- 6 years ago
Okay, Bees, so you guys know I’m new here but already have my ring picked out. SO and I are waiting for when the time is right but we know we will be getting hitched in early 2014, right after he graduates.
We’ve been together for about 2.5 years so far and they’ve been wonderful. Absolutely, wonderfully, mind-dizzyingly wonderful and whatever happens, I’m so grateful to have such a grounded, lovely man by my side. It’s not a secret what our plans are and we openly discuss them all the time. Everyone knows we’re getting hitched sometime soon, so it’ll be a shock to no one. 🙂
My problem is very simple. I recently visited some very old and very sick grandparents of mine who I haven’t seen since the last family funeral. My grandmother, my whole life, has never treated me with any more respect than she would a bug on her windsheild. She’s never hesitated to tell me that I was a mistake, that I’m a waste of space and that I’m a fat, useless wh*re. I’ve lived my life about as straight and narrow as I can and there’s never been any basis for this, but she’s simply a very mean, hateful woman. Why visit her? Because she’s ill and I’d regret not seeing her at least one last time for the rest of my life. For the last two years, every time I mention my SO, she responds with “Oh, honey, he hasn’t left you yet? REALLY?”

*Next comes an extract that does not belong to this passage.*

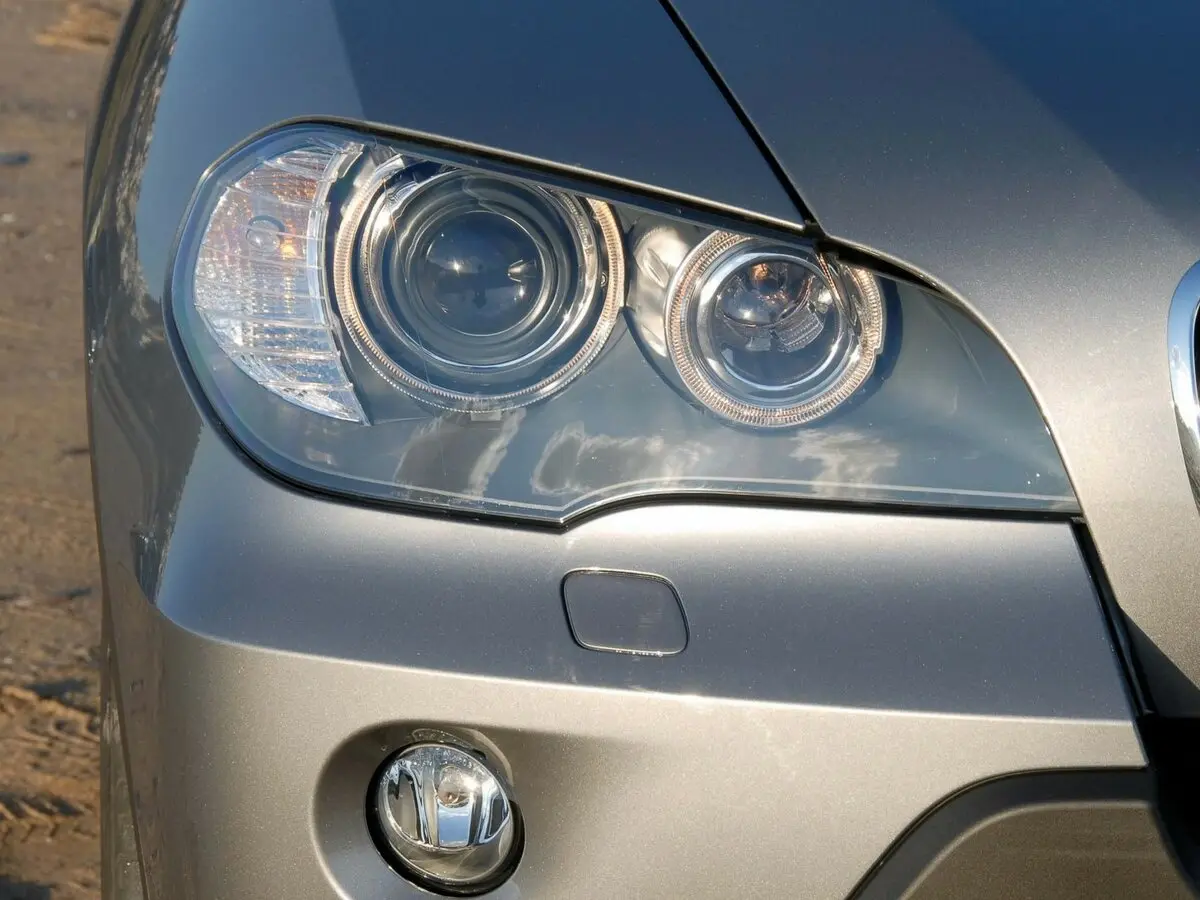 BMW X5 II (E70) Внедорожник 5 дв. — фото 15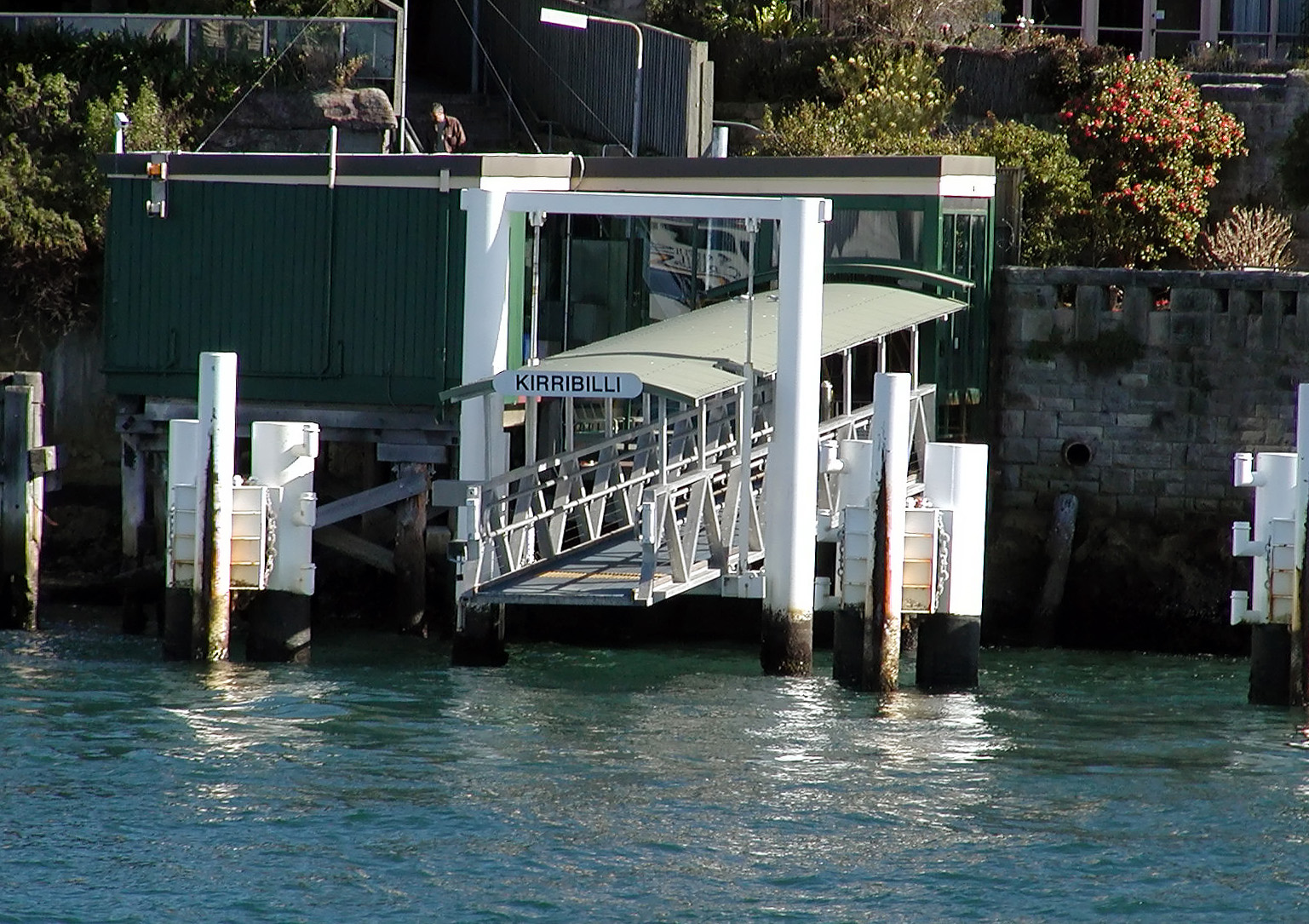 17-Jun-2001 11:13 - Sydney - Kirribilli waterfront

So she’s mean, but she’s not stupid. She kind of figures that we’re headed towards the aisle at some point. All during my visit, she criticized him and his family (never having met them!) and I snapped. I told her that she could steamroll me all she wanted, but that SO and his family were off-limits, period. She proceeded to tell me that I’m too fat to get married and that I’m already an embarassment to her and my family. I’m super curvy, but not overweight or unhealthy. She had an awful relationship with my mom when my parents were together and it doesn’t help that I’m the very image of her as an adult!
I’m sorry for the vent, ladies. It just breaks my heart that my grandmother would go out of her way like that to hurt someone. I keep looking in the mirror and my heart just breaks. She’s never going to be happy for me for even having someone wonderful in my life. The only person she ever liked was an ex who treated me like crap. Go figure.
Anyone else have to go through something like this? I should probably just ignore it, but it just hurts so much.